BEGIN THE INPUT

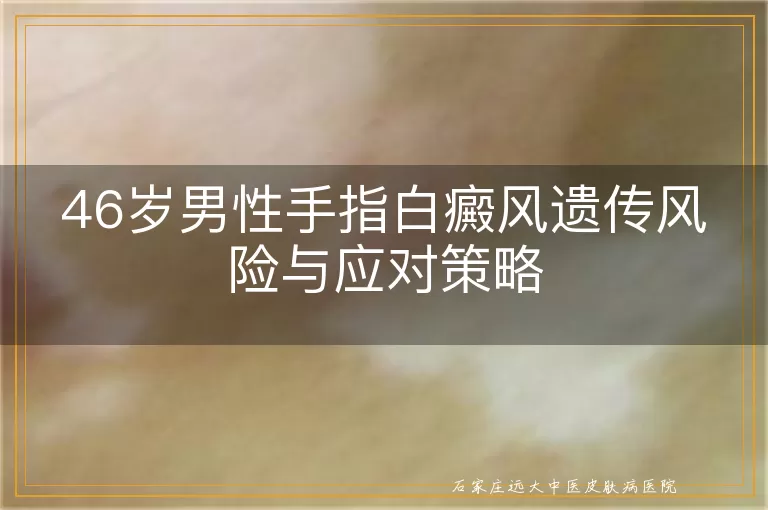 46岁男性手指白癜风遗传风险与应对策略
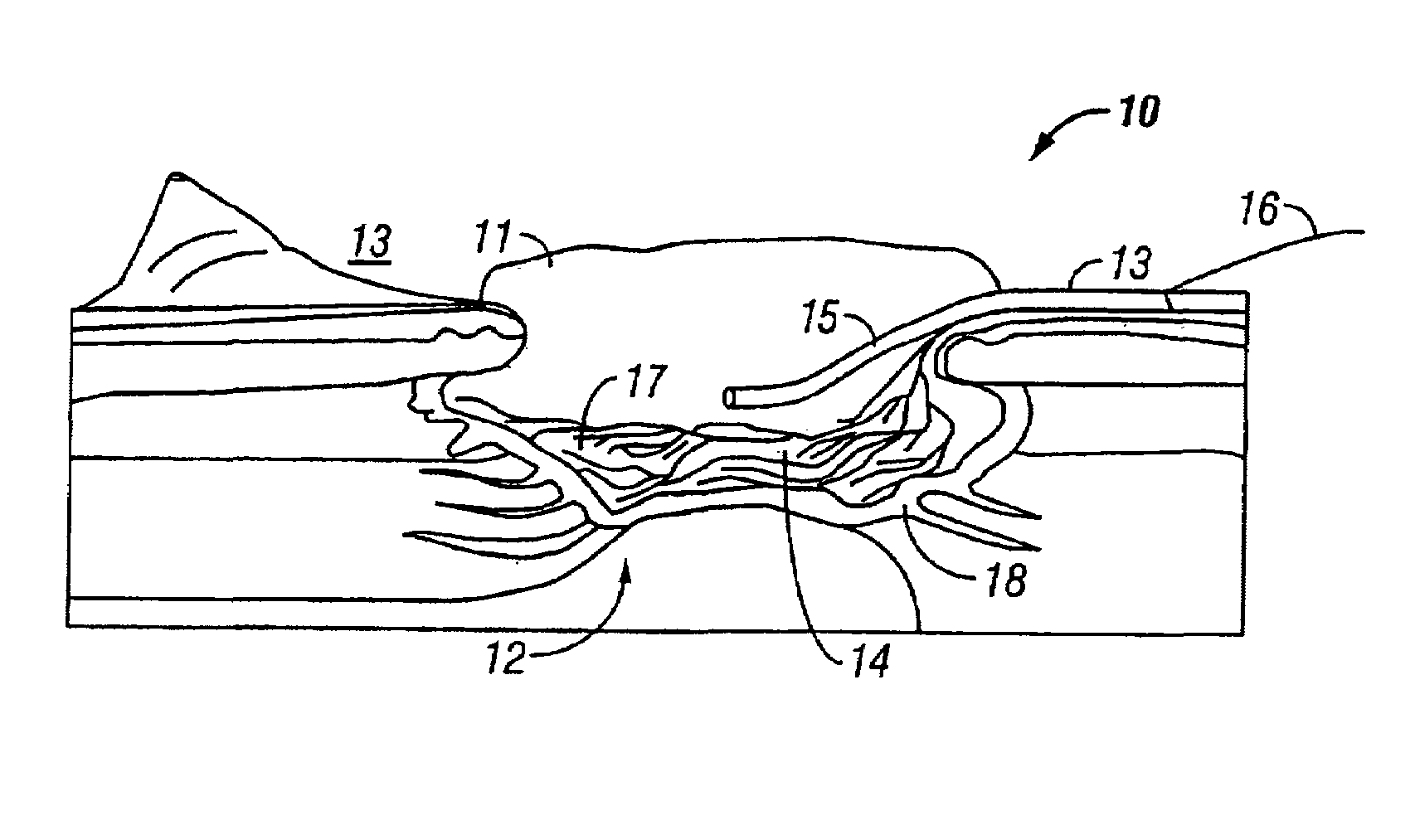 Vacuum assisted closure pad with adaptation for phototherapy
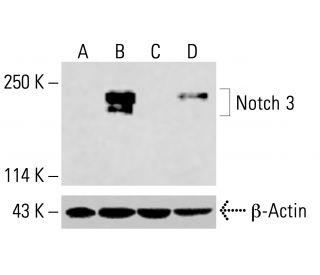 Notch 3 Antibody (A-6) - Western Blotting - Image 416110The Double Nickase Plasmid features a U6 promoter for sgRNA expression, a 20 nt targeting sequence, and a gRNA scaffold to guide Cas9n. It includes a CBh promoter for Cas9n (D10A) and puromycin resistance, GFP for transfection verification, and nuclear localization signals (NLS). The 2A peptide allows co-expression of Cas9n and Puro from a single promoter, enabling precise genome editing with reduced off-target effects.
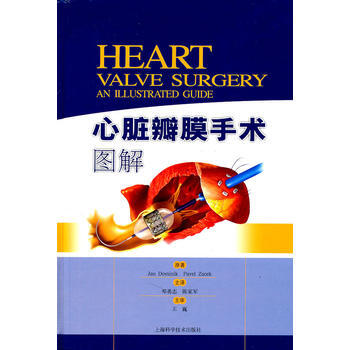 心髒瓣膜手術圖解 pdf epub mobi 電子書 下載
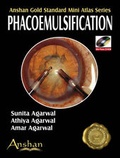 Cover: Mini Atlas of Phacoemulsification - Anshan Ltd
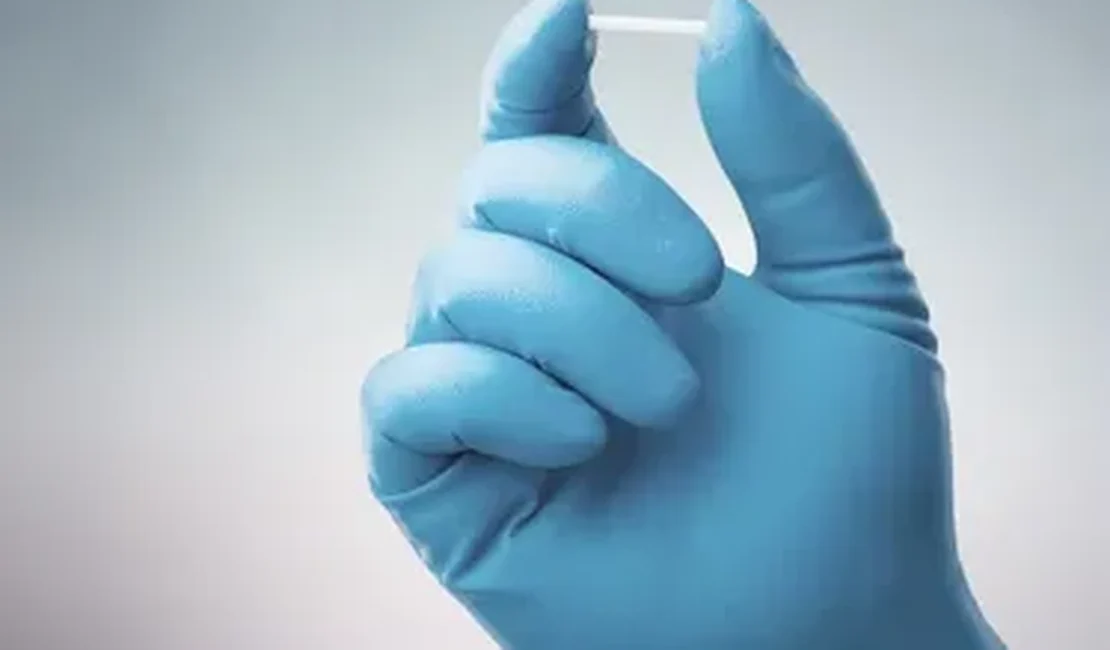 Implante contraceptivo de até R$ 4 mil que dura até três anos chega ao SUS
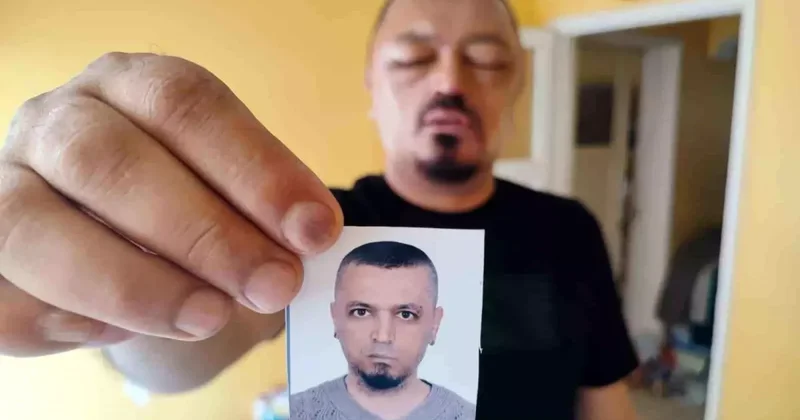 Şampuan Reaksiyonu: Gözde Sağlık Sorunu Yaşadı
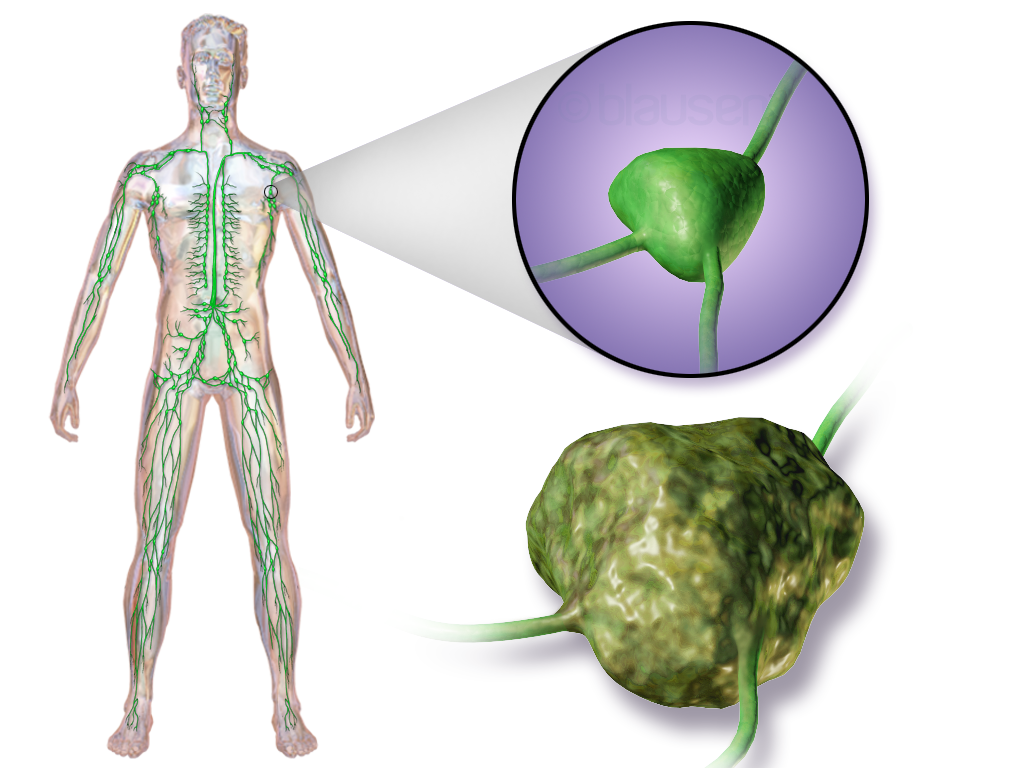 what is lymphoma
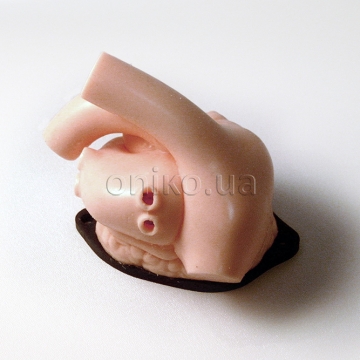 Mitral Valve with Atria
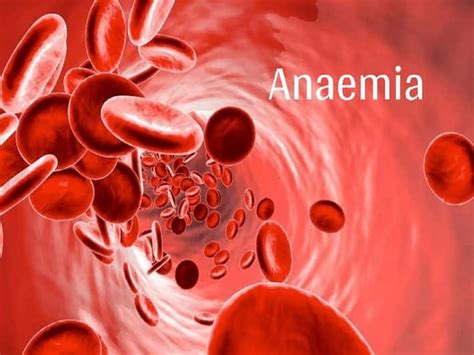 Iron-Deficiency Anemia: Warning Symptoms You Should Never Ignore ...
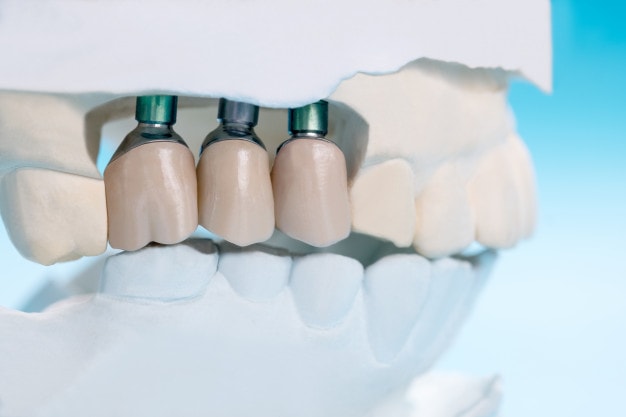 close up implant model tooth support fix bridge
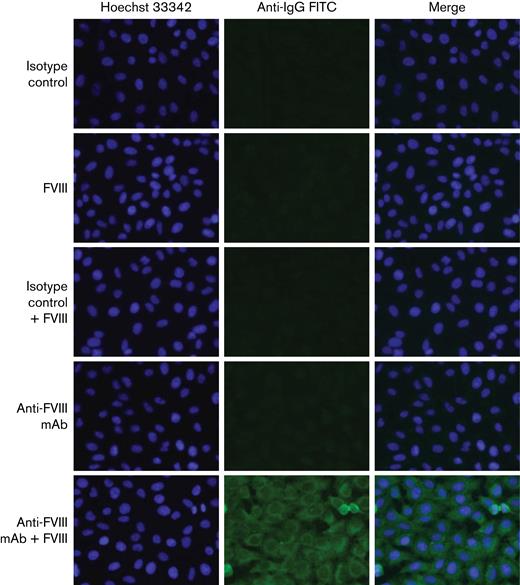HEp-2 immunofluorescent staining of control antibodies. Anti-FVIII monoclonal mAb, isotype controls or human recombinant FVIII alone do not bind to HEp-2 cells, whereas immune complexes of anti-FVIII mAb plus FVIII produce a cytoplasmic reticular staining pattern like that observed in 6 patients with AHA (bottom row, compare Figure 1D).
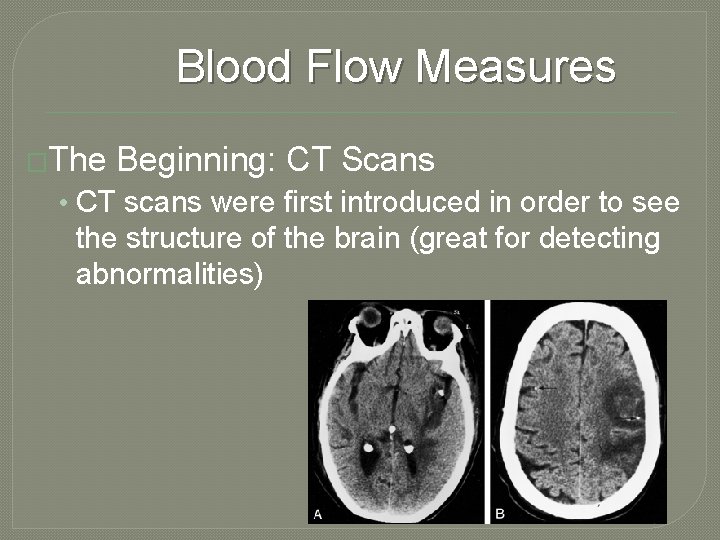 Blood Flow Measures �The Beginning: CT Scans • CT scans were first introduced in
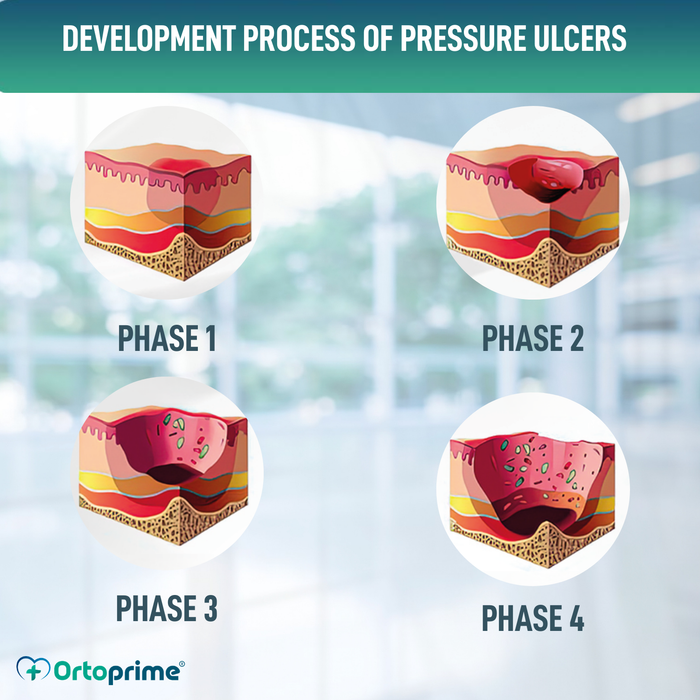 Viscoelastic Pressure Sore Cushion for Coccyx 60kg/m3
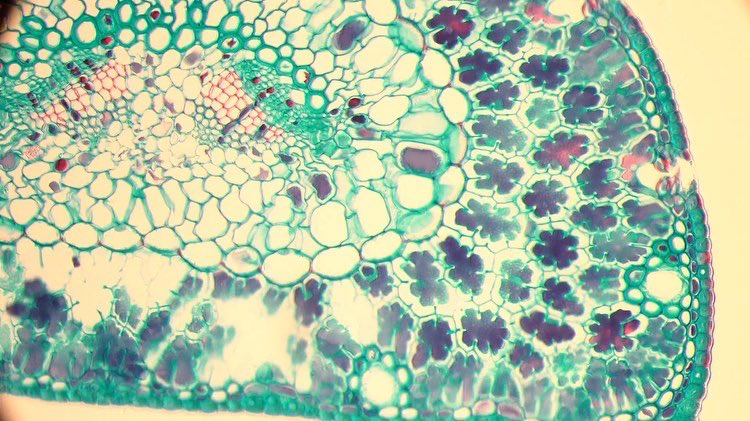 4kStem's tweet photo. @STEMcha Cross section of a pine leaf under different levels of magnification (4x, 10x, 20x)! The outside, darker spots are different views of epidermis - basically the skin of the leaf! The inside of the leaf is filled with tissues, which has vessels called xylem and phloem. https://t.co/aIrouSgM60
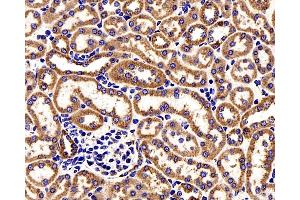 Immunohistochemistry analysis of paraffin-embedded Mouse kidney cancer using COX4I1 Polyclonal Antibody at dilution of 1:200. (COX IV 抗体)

END THE INPUT

__ACTION ITEM__:
Please output, exactly as written, the lines above from the one holding "Notch 3 Antibody" through the one holding "close up implant", both included, with the pictures omitted.

__RESPONSE FOR THIS EXERCISE__:
 Notch 3 Antibody (A-6) - Western Blotting - Image 416110The Double Nickase Plasmid features a U6 promoter for sgRNA expression, a 20 nt targeting sequence, and a gRNA scaffold to guide Cas9n. It includes a CBh promoter for Cas9n (D10A) and puromycin resistance, GFP for transfection verification, and nuclear localization signals (NLS). The 2A peptide allows co-expression of Cas9n and Puro from a single promoter, enabling precise genome editing with reduced off-target effects.
 心髒瓣膜手術圖解 pdf epub mobi 電子書 下載
 Cover: Mini Atlas of Phacoemulsification - Anshan Ltd
 Implante contraceptivo de até R$ 4 mil que dura até três anos chega ao SUS
 Şampuan Reaksiyonu: Gözde Sağlık Sorunu Yaşadı
 what is lymphoma
 Mitral Valve with Atria
 Iron-Deficiency Anemia: Warning Symptoms You Should Never Ignore ...
 close up implant model tooth support fix bridge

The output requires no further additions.